Ici et maintenant. Mona Bright est une vraie badass ; une femme à la dérive, aussi. Ex-flic, ex-épouse, ex-future mère, Mona traîne de lieu en lieu, et de coup d’un soir en coït vespéral, sans attache ni foyer. Il faut dire que sa vie n’a jamais été facile, entre un père aussi dur que peu amène et une mère schizophrène qui a fini par se suicider. Alors, quand Mona reçoit un message lui annonçant le décès du vieux, elle se rend aux obsèques avec comme seul projet de toucher un maigre héritage avant de reprendre la route. Quelle n’est donc pas sa surprise lorsqu’elle apprend que sa mère, Laura, avait une maison dans la petite ville de Wink – au Nouveau-Mexique –, qu’elle en est héritière, et qu’une photo trouvée lui laisse entrevoir un autre moment de la vie de celle-ci, un moment de joie et de normalité qui prouve à Mona que sa mère n’a pas toujours été la frêle loque triste qu’elle a connue.

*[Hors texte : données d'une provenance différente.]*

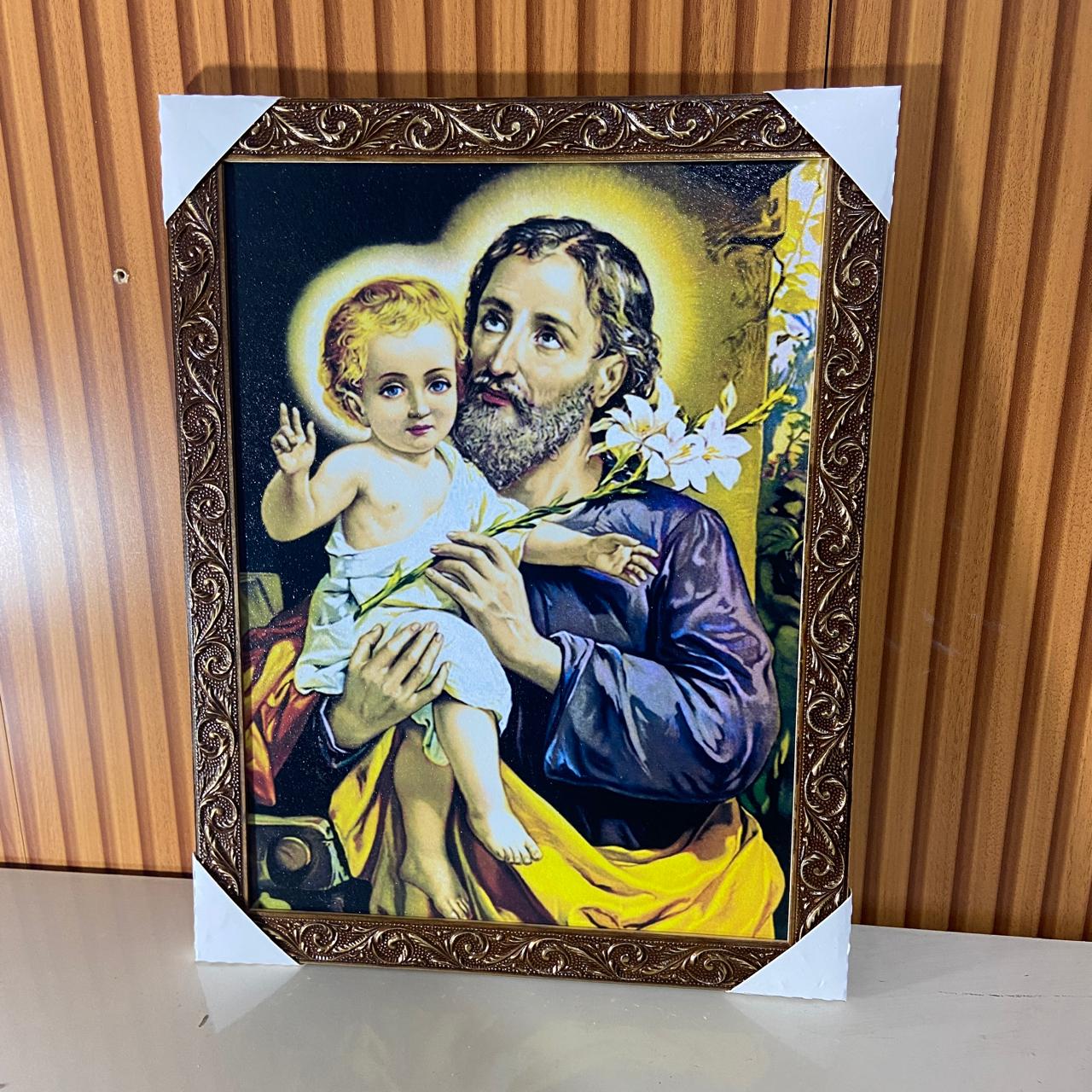 QUADRO COM MOLDURA RESINADO SÃO JOSÉ 44CMX34CM (1 UNIDADE)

La jeune femme part alors pour le Nouveau-Mexique, en quête de son héritage et de l’histoire perdue de Laura. Elle y arrive au beau milieu d’un enterrement et va y trouver bien plus que dans ses rêves les plus fous…
Aucun spoiler jusque-là, donc stop !
American Elsewhere est un roman envoûtant. Le lecteur amateur sera intrigué, inquiété, et rapidement captivé par les mystères qui entourent la petite ville et la biographie de Laura. Il voudra savoir. Il tournera les pages compulsivement, emmené par l’étrangeté des situations et des personnages, la quête existentielle de l’aimable Mona, la volonté de découvrir qui ose ajouter du trouble à un lieu déjà visiblement troublé – un lieu hors du temps (entre architecture Googie et design Mid-century Modern) où règne la peur et la pratique surprenante des « arrangements ». Il sera séduit aussi par l’écriture caustique de l’auteur (ses descriptions d’obsèques, de grossesse, ou de libido adolescente sont succulentes). Le lecteur averti aura en plus le plaisir de reconnaître quantité d’influences et de les voir converger vers Wink, sans avoir jamais la certitude de tenir la bonne interprétation. Il y a dans ce roman du King et du Gaiman, voire du Scott Hawkins. On se croit parfois dans LesFemmes de Stepford ou dans un épisode deTwilight Zone. On lorgne du côté de Lovecraft. Mais surtout c’est Twin Peaks qui vient à l’esprit, ou Lynch, plus généralement. La petite ville proprette, parfaite, amicale et policée (qu’on dirait sortie d’une illustration de Rockwell) cache une arrière-boutique bien différente ; on y perçoit vite le malaise qui l’imprègne et les secrets larger than life qu’elle dissimule derrière une façade de perfection formelle, comme à Twin Peaks (dont l’héroïne perdue s’appelle Laura, comme ici), comme à Blue Velvet/Lumberton (où un fragment d’identité trouvé par hasard est le fil qui permet de dénouer, avec grande violence, l’écheveau des secrets), comme dans ces histoires à temps bouleversé que sont Mulholland Drive ou Lost Highway. On croise même les lapins d’Inland Empire !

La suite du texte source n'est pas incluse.